Description
According to the current documentation, GridSearchCV
accepts object type that implements the “fit” and “predict” methods as the estimator
parameter.
While fine for most, certain use cases are made quite unintuitive by this API.
For instance, consider the AdaBoostClassifier
API. Essentially this classifier just wraps the boosting around whatever classifier is provided by base_estimator
parameter. Most of the parameter tuning therefore happens in this base_estimator
rather than the booster itself. If I were to use grid search for parameter tuning, I would probably do something among the lines of:
base_estimators = [DecisionTreeClassifier(max_depth=d) for d in range(1, 11)]

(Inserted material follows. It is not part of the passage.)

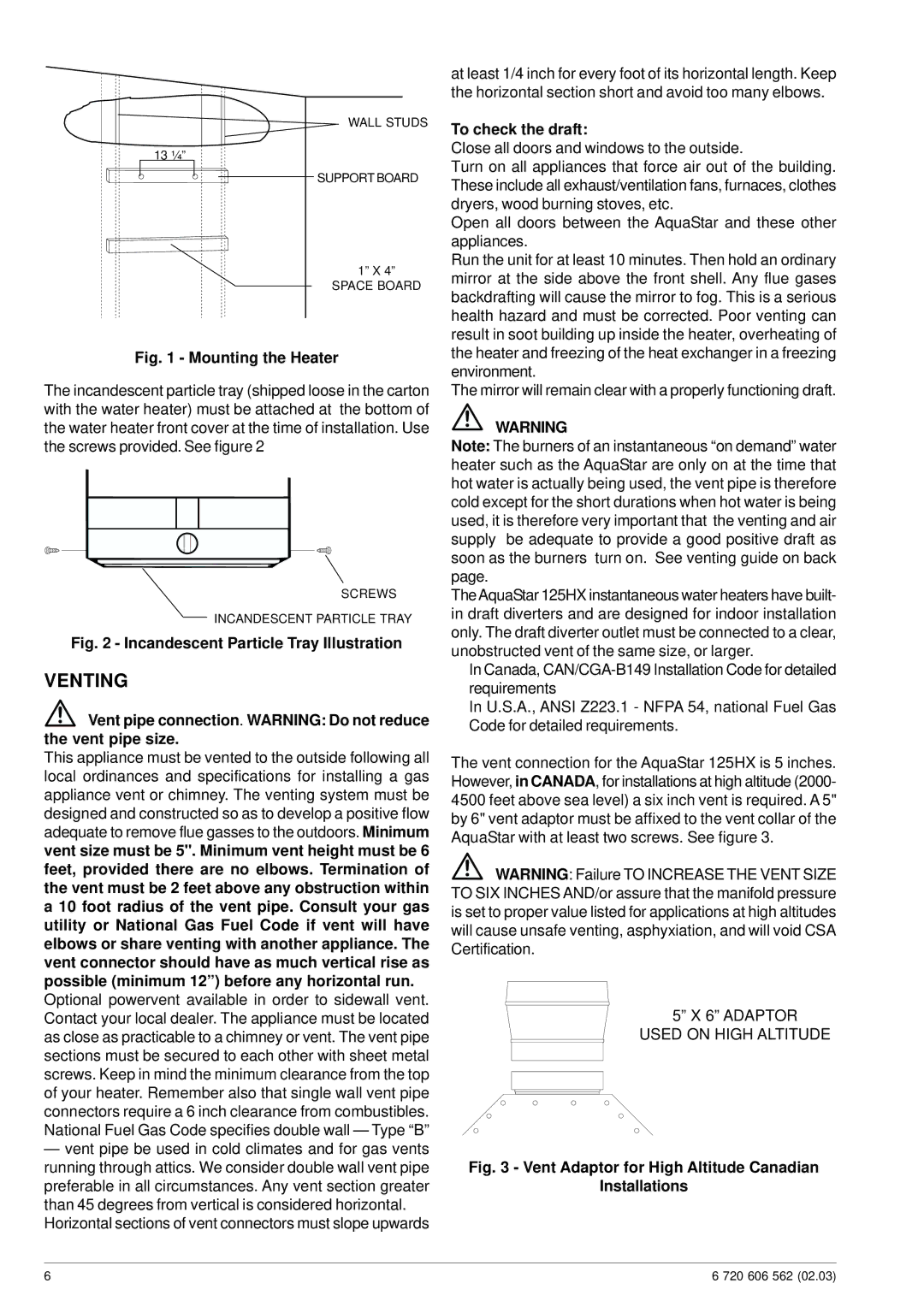 Bosch Appliances 125HX LP specifications Venting, To check the draft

grid = GridSearchCV(AdaBoostClassifier(), dict(base_estimator=base_estimators))
Which is already quite ugly, and I am only tuning the max_depth
parameter. Imagine if I also wanted to tune some other parameter in DecisionTreeClassifier
class.
One way to fix this is to make GridSearchCV
accept factory functions for classifiers, and not only the classifiers themselves.

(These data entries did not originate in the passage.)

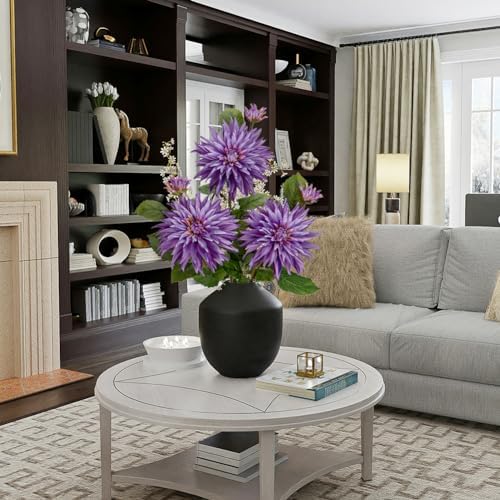 3Pcs Purple Artificial Dahlia Flowers 295 Inch Bouquets
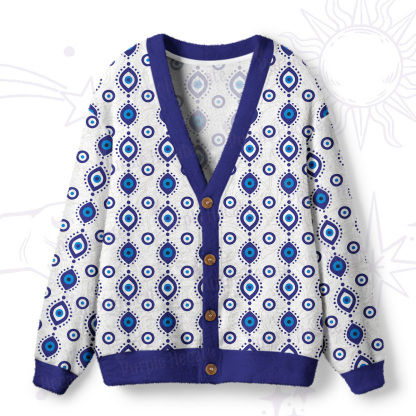 Purplehecate Evil Eye Protection Ugly Cardigan Sweaters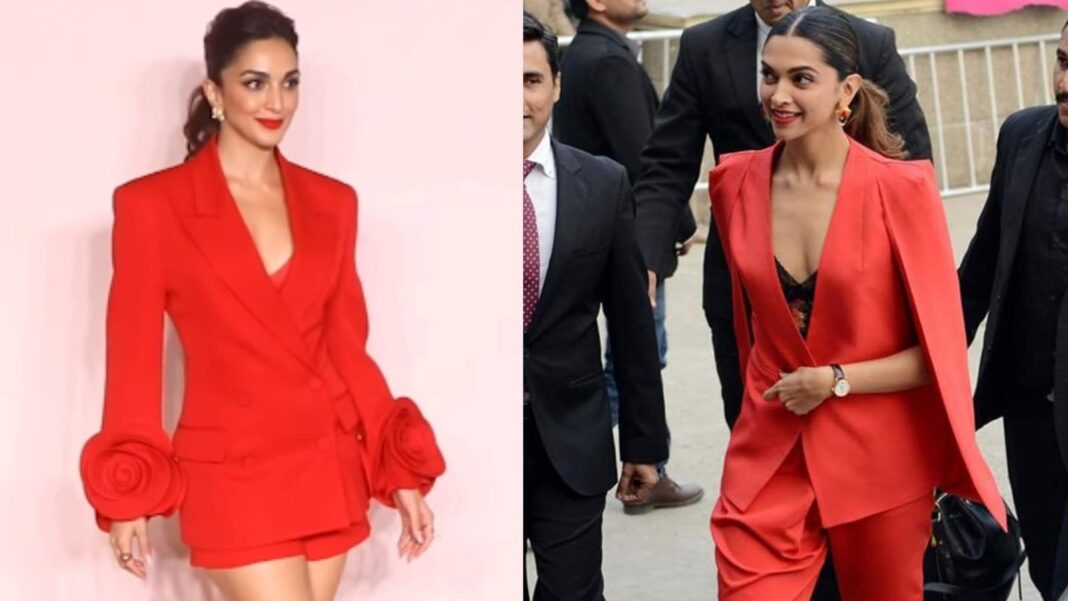 Kiara Advani acusada de copiar a Deepika Padukone en un evento; Los internautas la llaman 'fusión de Deepika y Alia'.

Particularly, something among the lines could make things a bit easier:
def ada_factory(*args, **kwargs):
return AdaBoostClassifier(DecisionTreeClassifier(*args, **kwargs))
grid = GridSearchCV(ada_factory, dict(max_depth=range(1,11))
Obviously, the contract where the objects returned from the factory function contain fit
, and predict
methods should remain in place.
Not only does this solve this particular problem, it would also allow one to test multiple estimators within the same grid search -- just add a parameter to your factory function.